__THE RECORDS__:
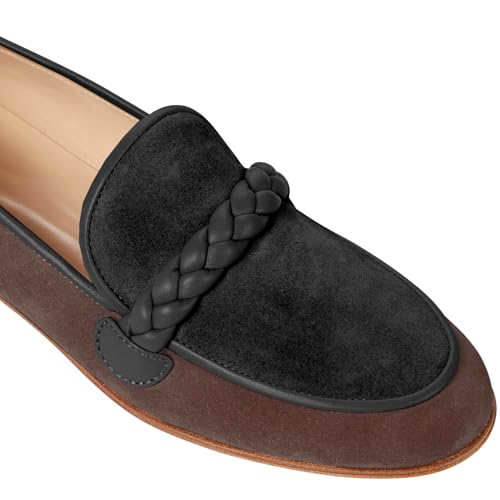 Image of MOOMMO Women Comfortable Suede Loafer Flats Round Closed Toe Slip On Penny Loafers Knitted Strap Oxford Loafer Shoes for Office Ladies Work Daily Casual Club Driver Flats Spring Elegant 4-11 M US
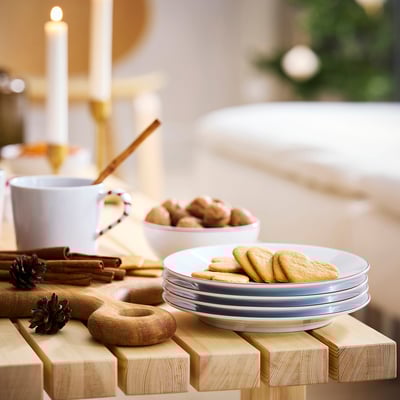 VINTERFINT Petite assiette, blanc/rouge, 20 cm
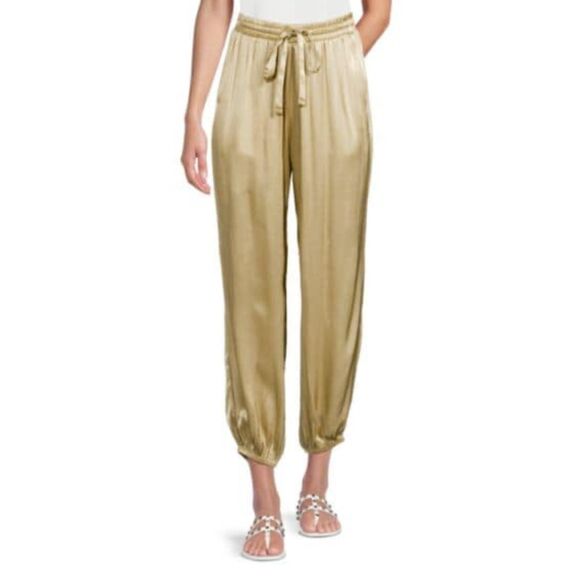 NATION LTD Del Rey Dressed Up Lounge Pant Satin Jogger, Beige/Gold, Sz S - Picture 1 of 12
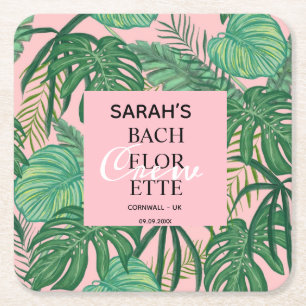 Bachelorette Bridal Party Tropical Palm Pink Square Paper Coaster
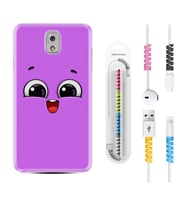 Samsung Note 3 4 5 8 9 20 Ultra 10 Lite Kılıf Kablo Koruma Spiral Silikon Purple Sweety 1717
---
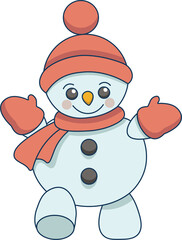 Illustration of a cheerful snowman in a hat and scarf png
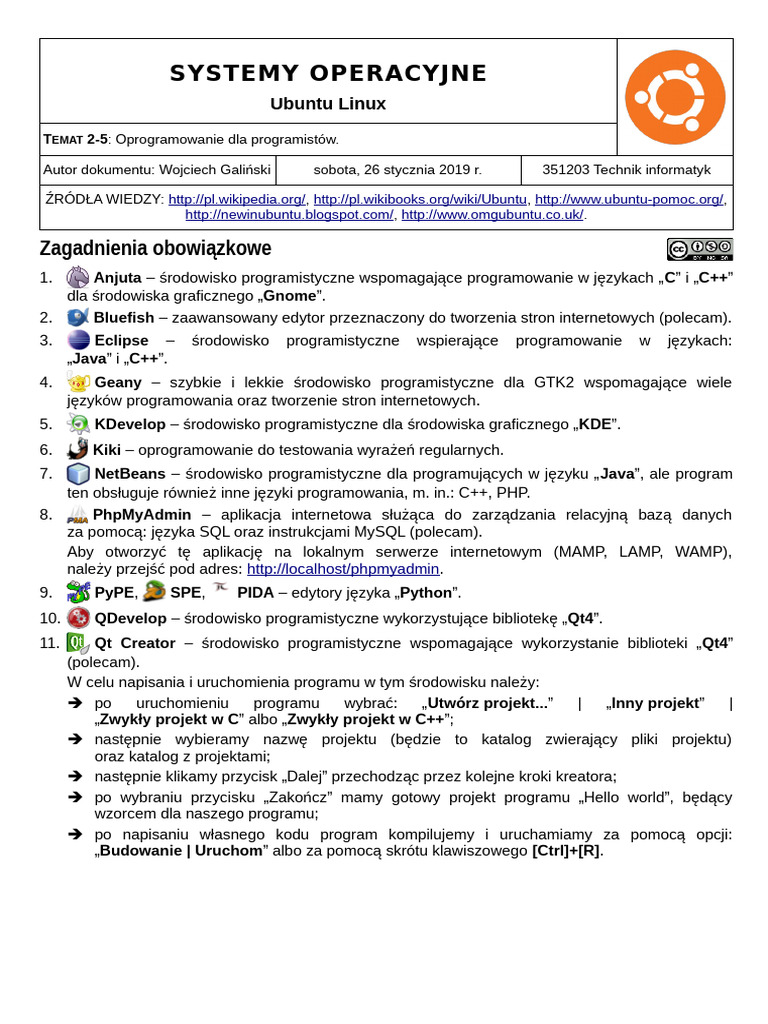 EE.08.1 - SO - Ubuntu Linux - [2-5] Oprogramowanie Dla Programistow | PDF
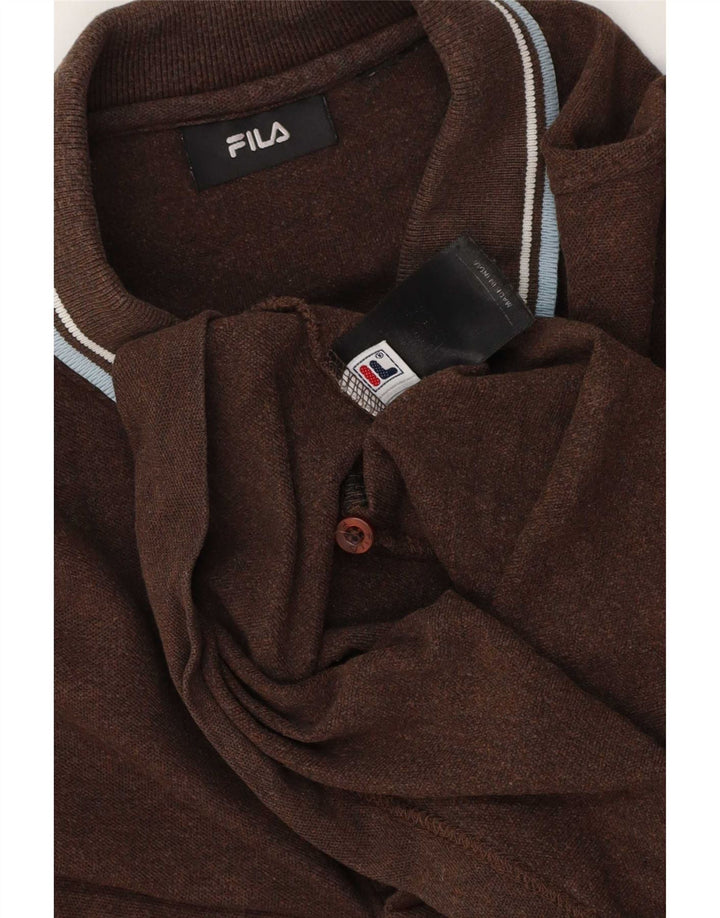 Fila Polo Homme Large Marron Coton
--
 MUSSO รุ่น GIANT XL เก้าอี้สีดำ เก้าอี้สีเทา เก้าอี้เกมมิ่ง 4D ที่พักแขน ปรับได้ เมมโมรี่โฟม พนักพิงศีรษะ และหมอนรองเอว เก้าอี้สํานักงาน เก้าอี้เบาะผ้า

__TASK DETAILS__: Respond with the exact lines above running from the one containing "EE.08.1 - SO" to the one containing "Fila Polo Homme Large Marron Coton", both ends kept and no pictures included.

__EXERCISE RESPONSE__:
 EE.08.1 - SO - Ubuntu Linux - [2-5] Oprogramowanie Dla Programistow | PDF
 Fila Polo Homme Large Marron Coton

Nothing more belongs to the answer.